Shares vs. Rights

M

Mark Bierman

Can someone please tell me which superceedes which...

The rights that I give out when I create a shared drive vs. the rights that
I give out within the directory structure of that shared drive. Who wins?

e.g. I create a new shared drive when Domain Users have Change & Read right.
Then within that shared drive, I give Domain Users read only rights to a
specific directory.

Will the domain users be able to change a file in that directory because of
the shared drive rights, or did I just limit it by the specific rights
within the directory?

THANKS!

MB
 
S

Steven L Umbach

I am not quite sure about your question, but here goes. There are two types
of permissions, share and ntfs. Share permissions only apply to network
access, while ntfs is always there no matter what kind of logon. If a user
is a member of multiple groups, then the most permissive of any group/user
permission applies unless there is a deny permission applied that generally
always wins except that for ntfs an explicit allow permission overrides and
inherited deny permission.

When both share and ntfs permisions apply to a user, the most restrictive
permission applies.
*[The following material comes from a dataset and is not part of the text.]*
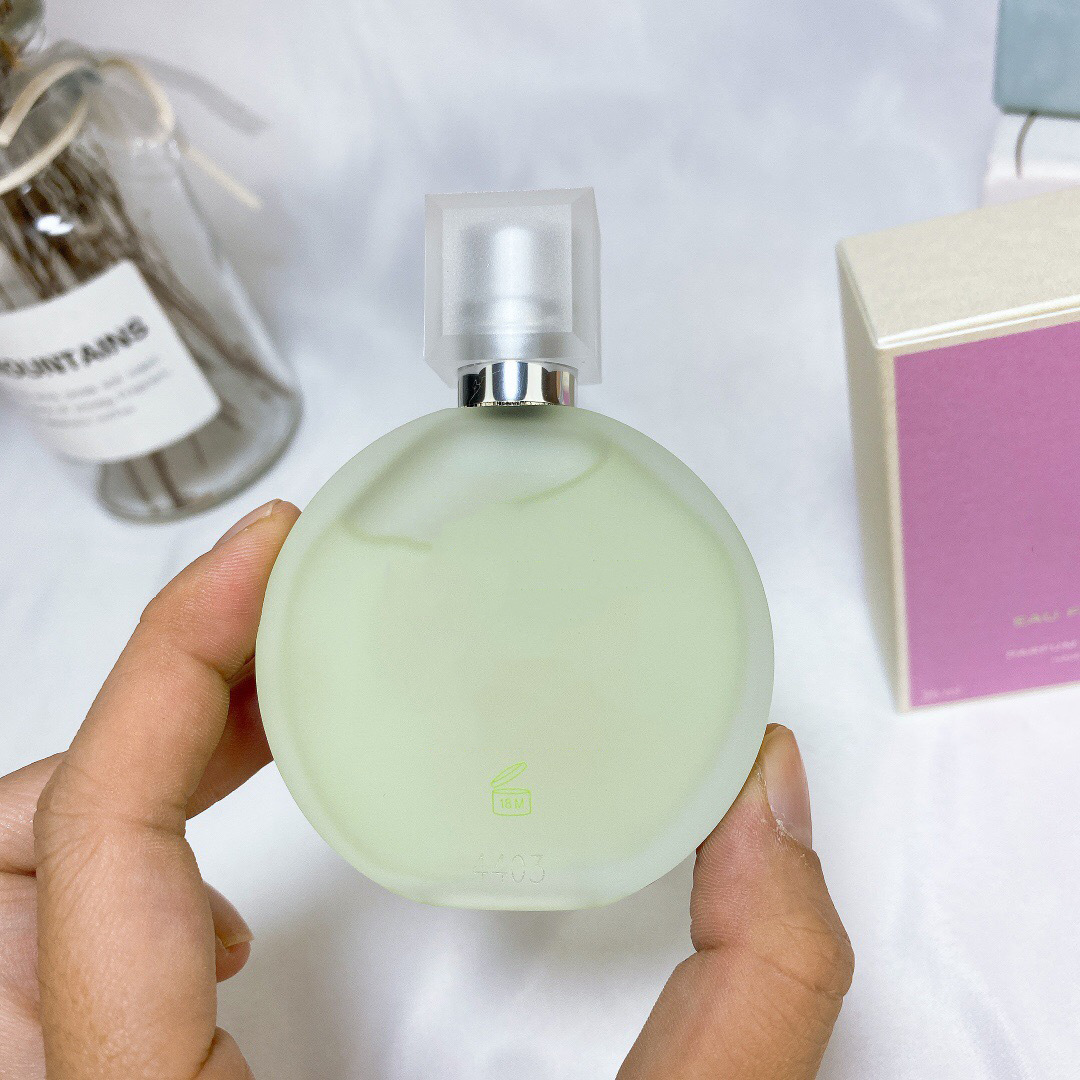 磨砂瓶香水女绿色邂逅35ml圆瓶带喷头女士粉色淡高质量发香喷雾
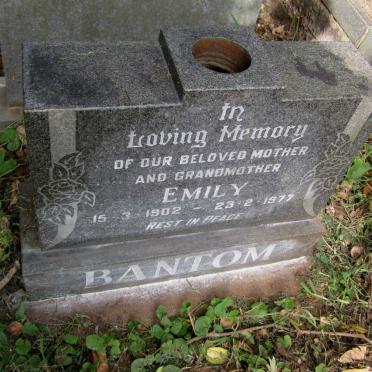BANTOM Emily 1902-1977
For instance if a user has full controll permisions to a
share but only read for ntfs permission to a file in that share, then the
user ends up with a read permission. Hope that helps. -- Steve
 
O

Oli Restorick [MVP]

Hi Mark

Steven has given you the correct answer in another post.

I just wanted to point out that when you say "rights", we know what you
mean, but that word has a specific meaning in Windows NT operating systems
which isn't anything to do with file permissions.